■ **What you are asked to do**: Starting at the line below holding "So these are" and stopping at the line holding "So if the numbers.length", print every line exactly, both ends included, and leave the rest out.

■ **Data**:
******************************

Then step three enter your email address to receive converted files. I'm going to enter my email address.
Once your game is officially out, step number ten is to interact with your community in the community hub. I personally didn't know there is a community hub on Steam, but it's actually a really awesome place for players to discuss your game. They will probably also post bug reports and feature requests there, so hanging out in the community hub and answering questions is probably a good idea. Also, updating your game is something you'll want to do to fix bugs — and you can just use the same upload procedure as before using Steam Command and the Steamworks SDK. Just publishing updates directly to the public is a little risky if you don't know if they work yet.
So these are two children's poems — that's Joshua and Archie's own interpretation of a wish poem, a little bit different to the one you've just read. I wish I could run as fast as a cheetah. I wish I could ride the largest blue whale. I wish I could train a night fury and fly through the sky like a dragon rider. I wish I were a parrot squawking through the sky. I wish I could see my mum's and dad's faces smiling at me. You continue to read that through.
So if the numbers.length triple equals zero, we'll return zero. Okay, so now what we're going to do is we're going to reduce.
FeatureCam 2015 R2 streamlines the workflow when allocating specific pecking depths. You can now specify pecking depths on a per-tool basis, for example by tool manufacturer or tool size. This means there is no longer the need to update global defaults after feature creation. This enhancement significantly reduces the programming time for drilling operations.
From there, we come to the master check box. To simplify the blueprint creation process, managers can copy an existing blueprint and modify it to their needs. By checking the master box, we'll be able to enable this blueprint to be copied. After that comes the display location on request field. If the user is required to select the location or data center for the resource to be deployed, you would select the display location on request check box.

******************************

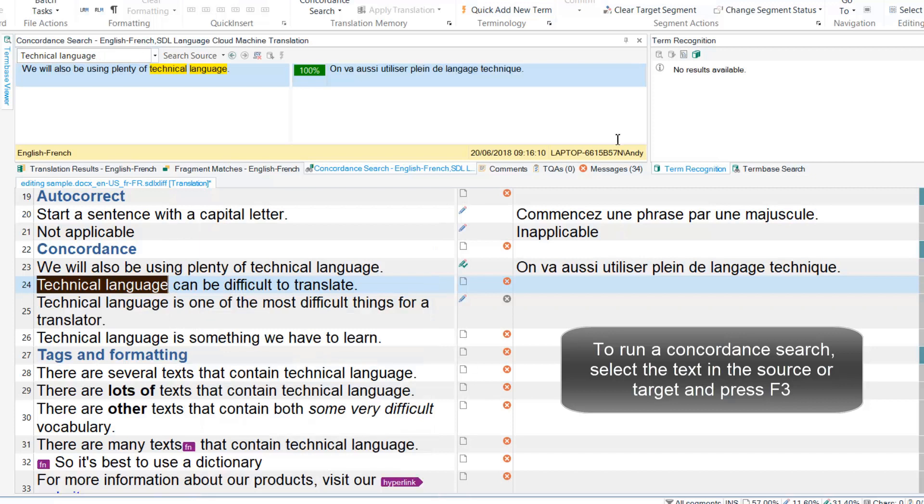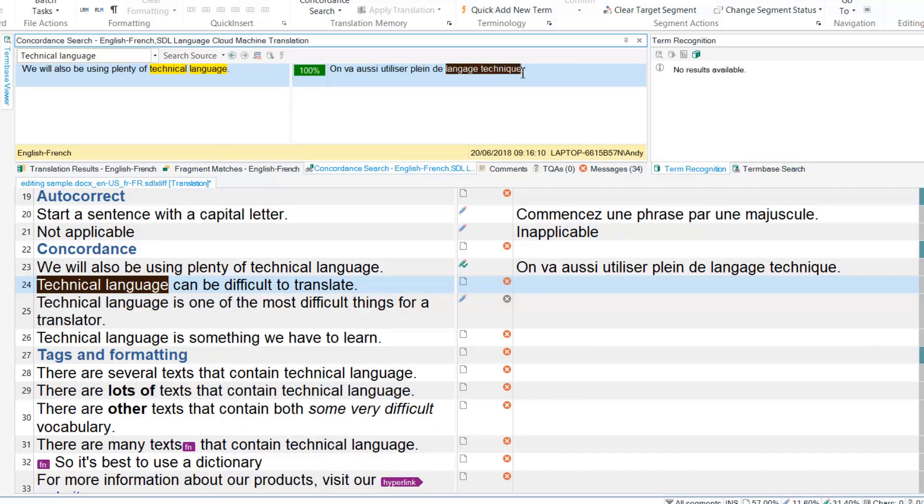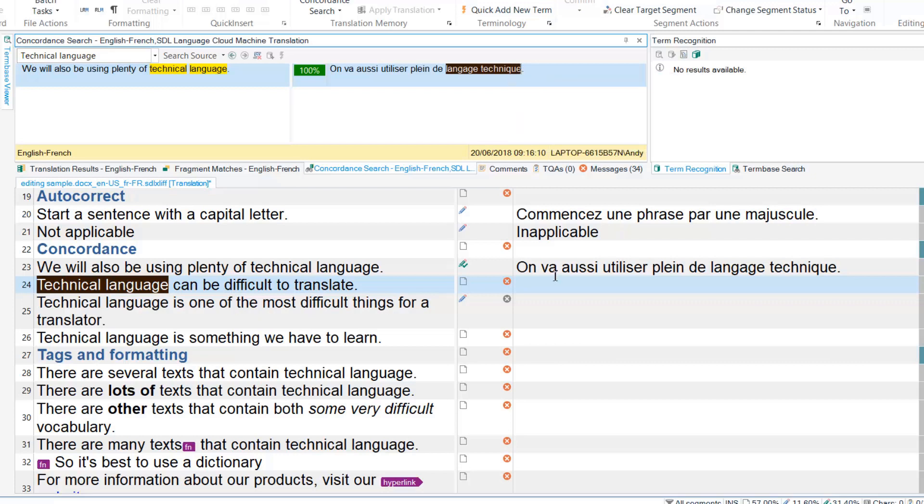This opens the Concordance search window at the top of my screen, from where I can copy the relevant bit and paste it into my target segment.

******************************

■ **Answer box**:
So these are two children's poems — that's Joshua and Archie's own interpretation of a wish poem, a little bit different to the one you've just read. I wish I could run as fast as a cheetah. I wish I could ride the largest blue whale. I wish I could train a night fury and fly through the sky like a dragon rider. I wish I were a parrot squawking through the sky. I wish I could see my mum's and dad's faces smiling at me. You continue to read that through.
So if the numbers.length triple equals zero, we'll return zero. Okay, so now what we're going to do is we're going to reduce.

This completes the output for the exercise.